Posted by David Smith on 9/8/2008 9:13:34 PM
Apparently Larry is not aware of the rate differentiation employed by the railroads that discourages most rail to barge transloading opportunities, e.g. the combined rail/barge rate ends up being more than the rail only option. Of course, then he'd have to admit that the railroads engage in monopolistic practices. Thus we get a triple dose of inefficiencies - longer rail car cycle times, more rail congestion through traditional choke points (Columbia River gorge et al), and an underutilization of our waterway systems. As for the "question" of whether shipper owned cars receive a rate discount, that was of course tongue in cheek, since there are more odious issues that arise with shipper owned equipment, issues that effectively erase the benefits of said discounts. There's nothing quite like the frustration shippers feel when their cars are stuck in some other part of the country for weeks on end while their inventory exceeds storage capacity! The obvious solution is for the STB to set a per mile rate standard so that shippers with their own equipment can dictate what modal combinations best fit their needs. Either that, or go with the nuke option and enforce some serious intramodal competition.

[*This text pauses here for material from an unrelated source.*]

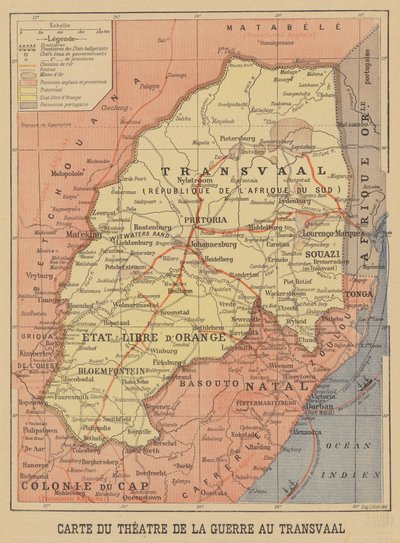 Carte du théâtre de la guerre des Boers - French School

Posted by Larry Kaufman on 9/9/2008 10:32:37 AM
Dave Smith continues to bleat about subjects on which he knows little more than the propaganda provided by the Reason Foundation, Cato Institute and Heritage Foundation. While he is busy representing the specious arguments of his tax-avoiding electric co-op employers, I've been dealing with rail issues and grain rates a lot longer than he. If a rail rate is lower than the rail/barge combination rate then that is the lowest (don't forget trucks, Davey. They also compete in the grain market) available rate. Nothing monopolistic about it at all. I don't see GM allowing Ford to use its capital investment to build Ford cars in GM plants just because it might be more convenient for Ford -- and more desirable for those who live by dogma rather than by reality. Grain is not an exempt commodity. Grain shippers can and have protested rail rates before the STB. They've even won a few cases. Perhaps it's time for Mr. Smith either to put a sock in his virulent anti-rail mantra or that he go back and study something so he can participate at this blogsite with some facts and intelligence rather than the dogma he spews here regularly.